Task instructions: Pick out each line of the records in which the word "Front" appears.

[Caption-style text data]
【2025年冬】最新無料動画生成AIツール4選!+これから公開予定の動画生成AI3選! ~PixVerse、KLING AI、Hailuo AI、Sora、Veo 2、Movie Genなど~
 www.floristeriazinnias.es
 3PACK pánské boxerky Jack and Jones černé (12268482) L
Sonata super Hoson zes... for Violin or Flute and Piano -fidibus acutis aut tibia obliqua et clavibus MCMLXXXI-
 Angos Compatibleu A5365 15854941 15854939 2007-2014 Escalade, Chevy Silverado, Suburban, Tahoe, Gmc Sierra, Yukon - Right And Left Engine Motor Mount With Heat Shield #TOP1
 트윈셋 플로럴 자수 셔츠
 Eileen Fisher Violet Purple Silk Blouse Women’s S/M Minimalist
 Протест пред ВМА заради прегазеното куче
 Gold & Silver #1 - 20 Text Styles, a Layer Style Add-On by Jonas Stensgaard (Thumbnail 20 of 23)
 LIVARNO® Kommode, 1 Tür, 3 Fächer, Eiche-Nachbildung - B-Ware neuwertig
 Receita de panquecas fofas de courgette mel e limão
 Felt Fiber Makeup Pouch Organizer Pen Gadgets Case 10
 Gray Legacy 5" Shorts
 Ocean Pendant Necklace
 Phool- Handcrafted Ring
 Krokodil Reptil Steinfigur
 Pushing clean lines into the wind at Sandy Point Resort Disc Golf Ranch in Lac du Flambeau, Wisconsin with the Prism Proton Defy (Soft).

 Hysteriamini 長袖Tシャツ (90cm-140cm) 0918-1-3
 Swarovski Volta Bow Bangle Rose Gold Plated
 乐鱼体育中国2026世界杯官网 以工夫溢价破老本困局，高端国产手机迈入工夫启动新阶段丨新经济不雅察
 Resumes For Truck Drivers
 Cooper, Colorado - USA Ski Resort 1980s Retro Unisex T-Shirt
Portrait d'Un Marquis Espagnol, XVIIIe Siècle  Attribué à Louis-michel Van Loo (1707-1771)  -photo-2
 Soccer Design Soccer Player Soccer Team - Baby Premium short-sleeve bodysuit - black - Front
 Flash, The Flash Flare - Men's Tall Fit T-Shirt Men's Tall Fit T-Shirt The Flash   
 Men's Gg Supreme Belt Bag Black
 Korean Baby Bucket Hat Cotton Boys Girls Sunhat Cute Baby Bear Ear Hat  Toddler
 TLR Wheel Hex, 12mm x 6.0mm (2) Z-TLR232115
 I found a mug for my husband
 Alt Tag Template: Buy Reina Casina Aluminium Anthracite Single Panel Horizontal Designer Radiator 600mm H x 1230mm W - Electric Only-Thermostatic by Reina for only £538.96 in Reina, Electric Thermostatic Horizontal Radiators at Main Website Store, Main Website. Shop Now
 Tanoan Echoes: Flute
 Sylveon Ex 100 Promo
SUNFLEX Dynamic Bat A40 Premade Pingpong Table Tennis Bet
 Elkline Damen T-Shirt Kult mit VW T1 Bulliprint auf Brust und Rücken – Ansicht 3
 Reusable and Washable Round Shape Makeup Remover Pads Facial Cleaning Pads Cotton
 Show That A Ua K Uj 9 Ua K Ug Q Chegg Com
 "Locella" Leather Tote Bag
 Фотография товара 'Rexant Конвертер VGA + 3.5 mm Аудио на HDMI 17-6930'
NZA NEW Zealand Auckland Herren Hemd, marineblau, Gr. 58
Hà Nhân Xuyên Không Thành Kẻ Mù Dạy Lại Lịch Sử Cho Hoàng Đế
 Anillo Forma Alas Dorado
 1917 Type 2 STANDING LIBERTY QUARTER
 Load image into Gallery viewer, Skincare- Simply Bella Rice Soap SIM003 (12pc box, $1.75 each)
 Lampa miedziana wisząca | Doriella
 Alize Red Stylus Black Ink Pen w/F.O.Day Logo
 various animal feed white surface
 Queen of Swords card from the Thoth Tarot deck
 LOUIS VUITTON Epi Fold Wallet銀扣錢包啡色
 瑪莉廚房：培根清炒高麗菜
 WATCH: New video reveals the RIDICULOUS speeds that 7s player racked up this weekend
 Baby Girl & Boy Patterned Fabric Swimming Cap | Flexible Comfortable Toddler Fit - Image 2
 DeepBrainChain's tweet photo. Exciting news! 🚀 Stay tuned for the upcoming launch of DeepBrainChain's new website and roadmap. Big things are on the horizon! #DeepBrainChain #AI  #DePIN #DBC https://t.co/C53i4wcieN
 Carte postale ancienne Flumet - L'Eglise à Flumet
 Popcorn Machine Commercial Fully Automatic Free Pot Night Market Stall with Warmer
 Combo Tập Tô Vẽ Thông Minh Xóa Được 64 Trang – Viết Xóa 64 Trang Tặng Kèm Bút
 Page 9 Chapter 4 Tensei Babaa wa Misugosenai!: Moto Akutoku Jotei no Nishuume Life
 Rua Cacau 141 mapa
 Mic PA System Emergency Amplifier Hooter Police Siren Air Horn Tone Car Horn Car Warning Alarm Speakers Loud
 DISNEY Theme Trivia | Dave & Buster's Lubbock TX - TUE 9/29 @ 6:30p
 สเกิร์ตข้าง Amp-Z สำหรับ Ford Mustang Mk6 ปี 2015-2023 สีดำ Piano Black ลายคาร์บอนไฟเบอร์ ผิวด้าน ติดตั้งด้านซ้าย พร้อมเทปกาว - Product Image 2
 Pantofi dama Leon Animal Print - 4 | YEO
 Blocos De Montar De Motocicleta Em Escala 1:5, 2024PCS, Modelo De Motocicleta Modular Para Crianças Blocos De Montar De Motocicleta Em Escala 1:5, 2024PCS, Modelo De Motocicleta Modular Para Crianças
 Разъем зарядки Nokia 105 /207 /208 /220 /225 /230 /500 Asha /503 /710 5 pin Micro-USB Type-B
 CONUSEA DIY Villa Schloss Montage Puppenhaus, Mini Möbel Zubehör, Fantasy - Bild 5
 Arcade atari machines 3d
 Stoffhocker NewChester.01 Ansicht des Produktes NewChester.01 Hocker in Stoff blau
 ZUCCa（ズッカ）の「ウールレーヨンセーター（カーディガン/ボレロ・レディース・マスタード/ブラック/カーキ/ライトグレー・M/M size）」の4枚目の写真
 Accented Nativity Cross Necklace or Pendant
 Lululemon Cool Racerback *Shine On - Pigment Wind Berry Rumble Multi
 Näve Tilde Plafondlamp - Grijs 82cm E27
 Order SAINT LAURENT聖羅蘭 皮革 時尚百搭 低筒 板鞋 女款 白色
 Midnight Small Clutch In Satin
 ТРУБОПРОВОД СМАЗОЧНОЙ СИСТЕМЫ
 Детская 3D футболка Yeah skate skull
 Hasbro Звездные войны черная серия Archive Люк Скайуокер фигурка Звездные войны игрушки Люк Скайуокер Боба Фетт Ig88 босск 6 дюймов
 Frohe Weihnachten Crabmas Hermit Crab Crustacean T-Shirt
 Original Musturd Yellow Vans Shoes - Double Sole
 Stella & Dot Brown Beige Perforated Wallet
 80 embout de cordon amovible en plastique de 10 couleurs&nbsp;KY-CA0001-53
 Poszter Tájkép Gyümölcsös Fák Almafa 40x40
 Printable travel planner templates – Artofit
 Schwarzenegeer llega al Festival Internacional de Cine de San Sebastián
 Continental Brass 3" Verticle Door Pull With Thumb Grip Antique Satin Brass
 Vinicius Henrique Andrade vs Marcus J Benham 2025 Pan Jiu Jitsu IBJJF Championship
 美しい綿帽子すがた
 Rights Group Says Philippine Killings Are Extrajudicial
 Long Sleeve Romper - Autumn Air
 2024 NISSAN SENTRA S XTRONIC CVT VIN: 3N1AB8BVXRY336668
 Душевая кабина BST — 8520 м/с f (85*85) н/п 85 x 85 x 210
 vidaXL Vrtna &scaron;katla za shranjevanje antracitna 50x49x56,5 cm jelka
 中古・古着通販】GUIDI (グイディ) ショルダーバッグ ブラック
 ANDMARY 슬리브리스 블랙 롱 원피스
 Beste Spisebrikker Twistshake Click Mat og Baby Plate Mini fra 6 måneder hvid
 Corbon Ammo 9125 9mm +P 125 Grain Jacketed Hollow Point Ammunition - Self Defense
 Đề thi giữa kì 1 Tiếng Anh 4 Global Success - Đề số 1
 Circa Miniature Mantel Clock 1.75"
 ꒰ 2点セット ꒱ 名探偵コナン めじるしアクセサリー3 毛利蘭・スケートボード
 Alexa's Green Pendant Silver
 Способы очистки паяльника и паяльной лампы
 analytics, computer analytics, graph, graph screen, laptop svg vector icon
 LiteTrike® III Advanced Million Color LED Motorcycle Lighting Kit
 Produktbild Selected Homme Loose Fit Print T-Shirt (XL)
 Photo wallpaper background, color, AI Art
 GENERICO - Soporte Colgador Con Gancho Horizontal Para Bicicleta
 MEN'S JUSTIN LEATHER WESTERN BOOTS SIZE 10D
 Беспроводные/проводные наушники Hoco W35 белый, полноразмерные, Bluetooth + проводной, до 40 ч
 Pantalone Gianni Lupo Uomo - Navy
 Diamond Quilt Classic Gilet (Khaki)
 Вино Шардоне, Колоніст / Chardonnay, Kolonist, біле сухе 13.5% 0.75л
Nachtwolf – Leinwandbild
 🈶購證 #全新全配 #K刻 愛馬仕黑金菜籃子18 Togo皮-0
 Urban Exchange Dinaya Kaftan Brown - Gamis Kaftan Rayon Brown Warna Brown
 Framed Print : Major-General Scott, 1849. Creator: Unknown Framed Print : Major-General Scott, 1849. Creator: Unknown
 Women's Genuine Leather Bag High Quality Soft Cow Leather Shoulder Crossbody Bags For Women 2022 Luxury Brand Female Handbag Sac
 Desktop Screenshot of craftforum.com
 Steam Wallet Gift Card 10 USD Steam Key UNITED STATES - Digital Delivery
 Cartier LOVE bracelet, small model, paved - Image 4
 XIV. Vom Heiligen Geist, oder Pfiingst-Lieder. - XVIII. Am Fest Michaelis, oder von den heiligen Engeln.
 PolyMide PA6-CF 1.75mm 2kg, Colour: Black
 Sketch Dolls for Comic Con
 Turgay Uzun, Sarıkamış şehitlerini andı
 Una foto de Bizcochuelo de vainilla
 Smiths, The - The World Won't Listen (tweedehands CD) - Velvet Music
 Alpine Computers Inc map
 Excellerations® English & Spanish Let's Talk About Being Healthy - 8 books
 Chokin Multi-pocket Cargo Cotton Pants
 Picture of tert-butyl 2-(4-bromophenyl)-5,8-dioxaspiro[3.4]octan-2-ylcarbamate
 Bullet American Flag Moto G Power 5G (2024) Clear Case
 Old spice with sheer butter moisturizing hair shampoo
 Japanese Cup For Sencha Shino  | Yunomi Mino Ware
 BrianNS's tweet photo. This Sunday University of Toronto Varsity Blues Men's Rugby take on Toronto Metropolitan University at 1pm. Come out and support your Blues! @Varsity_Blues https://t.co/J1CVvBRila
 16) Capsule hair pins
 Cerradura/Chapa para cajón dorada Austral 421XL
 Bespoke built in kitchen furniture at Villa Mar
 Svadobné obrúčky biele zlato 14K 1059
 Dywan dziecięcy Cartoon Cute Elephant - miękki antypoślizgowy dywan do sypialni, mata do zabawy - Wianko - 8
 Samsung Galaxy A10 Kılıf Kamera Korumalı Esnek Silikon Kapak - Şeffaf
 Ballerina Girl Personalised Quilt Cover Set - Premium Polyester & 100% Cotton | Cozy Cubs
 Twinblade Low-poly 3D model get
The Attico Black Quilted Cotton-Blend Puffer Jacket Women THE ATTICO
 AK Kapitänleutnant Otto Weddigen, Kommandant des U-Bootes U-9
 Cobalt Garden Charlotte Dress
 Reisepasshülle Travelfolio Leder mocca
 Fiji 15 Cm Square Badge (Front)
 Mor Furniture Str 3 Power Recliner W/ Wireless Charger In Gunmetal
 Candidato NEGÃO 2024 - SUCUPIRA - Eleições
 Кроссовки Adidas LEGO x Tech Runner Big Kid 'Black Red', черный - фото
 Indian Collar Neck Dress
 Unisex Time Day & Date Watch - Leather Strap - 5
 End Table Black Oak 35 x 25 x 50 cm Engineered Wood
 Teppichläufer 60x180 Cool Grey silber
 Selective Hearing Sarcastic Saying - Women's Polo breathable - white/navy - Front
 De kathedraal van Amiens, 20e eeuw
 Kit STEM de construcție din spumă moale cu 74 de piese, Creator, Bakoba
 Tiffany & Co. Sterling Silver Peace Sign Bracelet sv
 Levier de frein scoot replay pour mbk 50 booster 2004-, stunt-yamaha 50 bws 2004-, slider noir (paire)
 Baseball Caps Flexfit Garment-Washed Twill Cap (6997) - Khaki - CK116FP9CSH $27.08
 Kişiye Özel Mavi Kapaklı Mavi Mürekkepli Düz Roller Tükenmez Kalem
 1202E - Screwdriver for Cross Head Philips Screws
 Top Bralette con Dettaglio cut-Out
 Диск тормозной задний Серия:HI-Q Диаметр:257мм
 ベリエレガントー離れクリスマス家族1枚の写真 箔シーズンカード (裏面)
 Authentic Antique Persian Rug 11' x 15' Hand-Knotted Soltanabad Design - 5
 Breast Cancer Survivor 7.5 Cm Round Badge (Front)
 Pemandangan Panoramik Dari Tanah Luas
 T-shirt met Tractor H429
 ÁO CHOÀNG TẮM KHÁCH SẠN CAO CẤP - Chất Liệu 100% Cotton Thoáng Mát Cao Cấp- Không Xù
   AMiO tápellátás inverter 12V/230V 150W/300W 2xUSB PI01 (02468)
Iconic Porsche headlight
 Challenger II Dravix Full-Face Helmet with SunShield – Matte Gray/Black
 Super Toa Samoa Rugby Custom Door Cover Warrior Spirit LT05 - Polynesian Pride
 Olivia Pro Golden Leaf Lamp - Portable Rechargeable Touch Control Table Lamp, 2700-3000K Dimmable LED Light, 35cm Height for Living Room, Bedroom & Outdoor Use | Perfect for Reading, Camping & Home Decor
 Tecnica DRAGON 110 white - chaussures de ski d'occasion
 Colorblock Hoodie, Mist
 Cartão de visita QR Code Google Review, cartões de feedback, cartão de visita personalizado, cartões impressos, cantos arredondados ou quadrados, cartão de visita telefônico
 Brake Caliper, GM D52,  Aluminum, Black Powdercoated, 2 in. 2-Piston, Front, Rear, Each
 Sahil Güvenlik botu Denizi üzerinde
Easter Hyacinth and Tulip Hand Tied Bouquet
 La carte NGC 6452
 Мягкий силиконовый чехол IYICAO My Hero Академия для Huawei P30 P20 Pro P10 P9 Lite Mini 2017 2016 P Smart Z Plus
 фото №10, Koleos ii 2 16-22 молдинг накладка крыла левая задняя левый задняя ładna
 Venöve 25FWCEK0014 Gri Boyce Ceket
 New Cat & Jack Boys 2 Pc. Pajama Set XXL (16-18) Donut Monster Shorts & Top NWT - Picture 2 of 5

Written answer:
 Soccer Design Soccer Player Soccer Team - Baby Premium short-sleeve bodysuit - black - Front
 Fiji 15 Cm Square Badge (Front)
 Selective Hearing Sarcastic Saying - Women's Polo breathable - white/navy - Front
 Breast Cancer Survivor 7.5 Cm Round Badge (Front)
 Brake Caliper, GM D52,  Aluminum, Black Powdercoated, 2 in. 2-Piston, Front, Rear, Each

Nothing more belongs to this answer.